Mi arriva all'orecchio un trambusto non ben definito, poi sento il rumore di una zip che viene chiusa e una mezza risatina in lontananza.

Oh, cazzo. L'ho interrotto mentre se la stava spassando con Edison Oldroyd?

«Dove sei?» mi domanda, scocciatissimo.

«A casa di Peter Potato» bisbiglio. «Non so l'indirizzo, ti mando la posizione. Vieni prima possibile, ti prego».

«Va bene, va bene» risponde. «Dammi una mezzoretta».

«Una mezzoretta? No, Gino! Devi venire subito!»

Ma ha già riattaccato. Miseriaccia. Sono ancora qui, tutta nuda con solo il cappello da cowboy in testa, seduta sopra il letto sul soppalco di Peter mentre lui, evidentemente stremato dall'estenuante prestazione, è andato a farsi una doccia.

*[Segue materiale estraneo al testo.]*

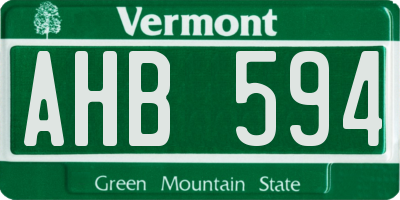 VT license plate AHB594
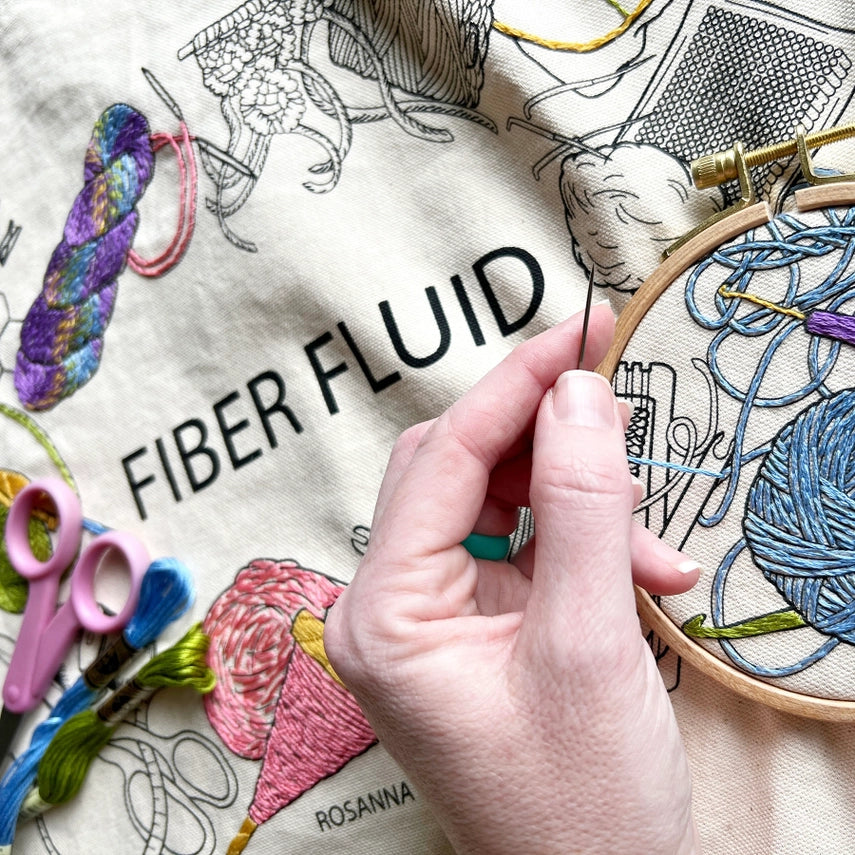 Fiber Fluid Tote Bag Embroidery Kit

Sono stata addirittura tentata di tagliare la corda prima che lui uscisse dal bagno, tanto raggelante è il terrore che mi chieda il bis. 

Cazzo. Non sento più il rumore dell'acqua. Peter ha finito.

Trattengo quasi il respiro mentre lui fuoriesce dal bagno con l'accappatoio bianco aperto e una terrificante erezione tra le gambe.

Cioè, lui è Peter Potato, è bellissimo e tutto quanto. Ma, anche se fossi ancora convinta che ne valga la pena, non credo di essere fisicamente in grado di sostenere un altro round. Già così immagino la lotta impari che, da domani, dovrò combattere contro l'acido lattico.

«Hai visto?» mi domanda, ammiccando tutto orgoglioso verso il suo pisello. «Sono una macchina da guerra, io».

Ok, non c'è più tempo da perdere, qui.

«Sei stupendo» mi affretto a rispondere, balzando in piedi. «Devo andare, c'è mio fratello sotto che mi aspetta».

«Andare?» domanda, stupito. «Non resti a dormire qui?»

«No» rispondo e, intanto, gli chiudo l'accappatoio perché è pur sempre Peter Potato e ciò che vedo rischia comunque di indurmi in tentazione. «Sono ospite da mia nonna, ti ricordi? Non posso restare fuori a dormire».

«Ah, certo, hai ragione» sussurra con dolcezza, carezzandomi i capelli. «Ti chiamo domani, allora, che ne dici?»

«Sì, ok» rispondo, e sono già per le scale. «Non vedo l'ora!»

Oltrepasso il vibratore coi testicoli che giace ancora lì, sul raffinato parquet, raccatto i miei vestiti e me li infilo alla bell'e meglio. Le mutande col gufo. Il reggiseno. Le calze. Gli stivali da vaccona...

Peter, intanto, sta scendendo le scale per raggiungermi al piano di sotto con solo i pantaloni della tuta addosso. Devo sbrigarmi. Indosso malamente il brutto chemisier e afferro il cappotto e l'ombrello.

«Aspetta» mi dice, sorridendo, e mi dà una sistemata al colletto tutto stropicciato. «Ecco, molto meglio».

Il colletto scivola tra le sue dita e io resto immobile.

«Va tutto bene?» mi domanda.

Sì. Mi è tornata in mente una cosa. Un dettaglio che, con tutto quello che è successo dopo, avevo perso di vista. Un particolare di quella sera, la notte maledetta in cui Suzy è volata giù dalla finestra.